"A Bit Unprepossessing": Plantinga on the Logic of Dawkins's Blind Watchmaker
As we head into Evolution Sunday, I offer this second installment in a series of reviews of Alvin Plantinga's long-awaited book, Where the Conflict Really Lies: Science, Religion, and Naturalism. (For the first installment, see here.)
Plantinga's goal in this book is to show that there is only "superficial conflict but deep concord between science and theistic religion." So it makes sense that he would start with biological evolution, since this is the part of science where many perceive a conflict. The way Plantinga handles the meaning of "random" and "Darwinism" is complicated, so I'm going to postpone discussion of these matters until the next installment and focus here on his broader argument.

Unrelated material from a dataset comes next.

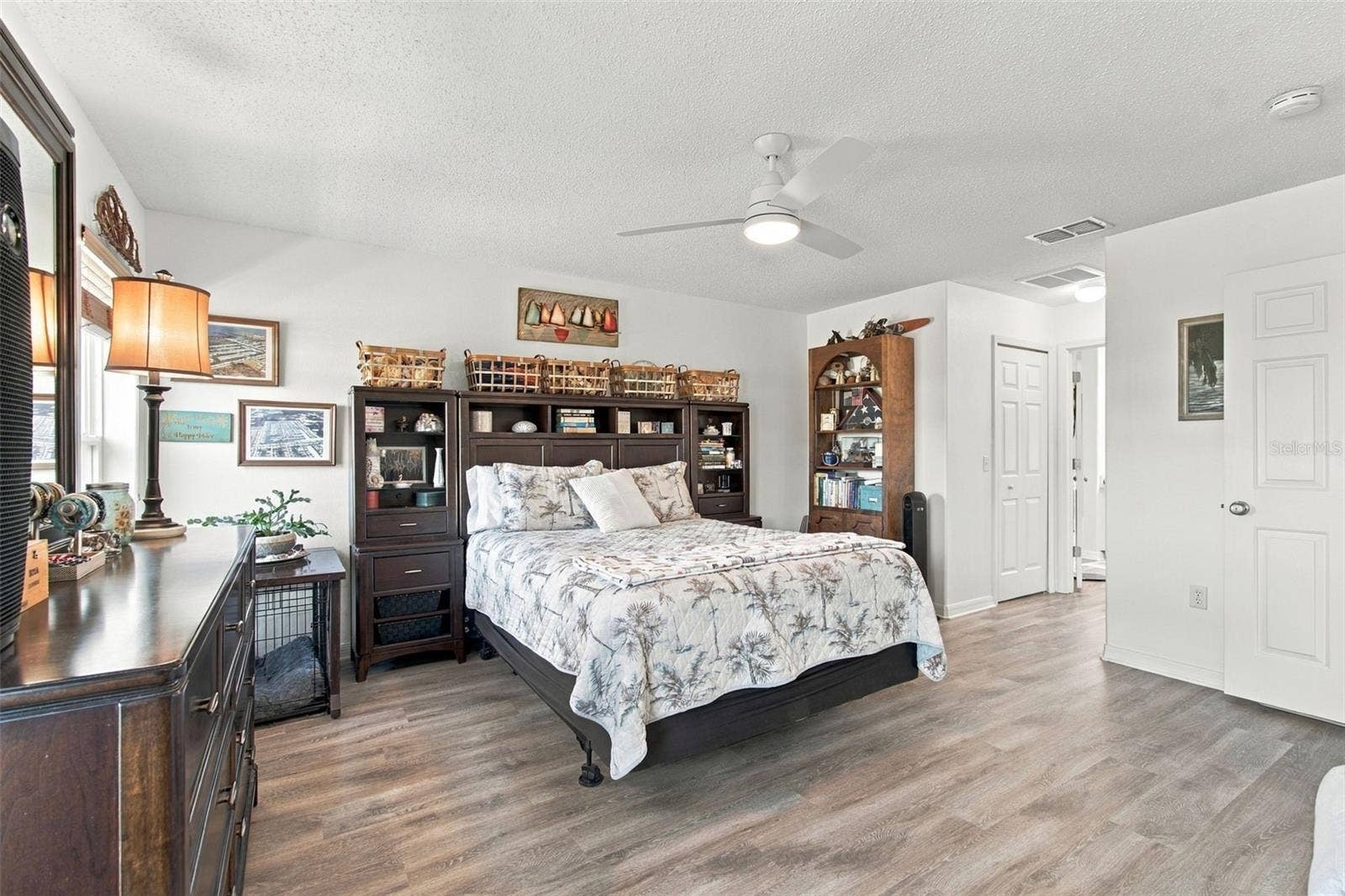 11143 HOLLANDER AVENUE, Hudson, FL 34667 11143 HOLLANDER AVENUE, Hudson, FL 34667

Plantinga gets quickly and clearly to the central point of the alleged conflict between evolutionary theory and Christian theism. It reduces almost entirely to the question of whether the origin and history of life is guided or unguided. A teleological view of evolution can be reconciled with Christian theism. "What is not consistent with Christian belief," he writes, "is the claim that this process of evolution is unguided -- that no personal agent, not even God, has guided, directed, orchestrated, or shaped it." According to Plantinga, this is not a claim or a finding of science per se (more on that in the next installment); nevertheless, "there is a veritable choir of extremely distinguished experts insisting that this process is unguided" (p. 12).
Therefore, Plantinga spends ample time responding to the arguments of a few prominent soloists in the choir. First up: Richard Dawkins. However one judges evolutionary theory in general, Dawkins unambiguously claims, as the subtitle of The Blind Watchmaker puts it, that "the evidence of evolution reveals a universe without design." If Dawkins's claim is true, Plantinga notes, then the Christian belief that God "has created human beings, and created them in his own image," is false. So, what of Dawkins's argument?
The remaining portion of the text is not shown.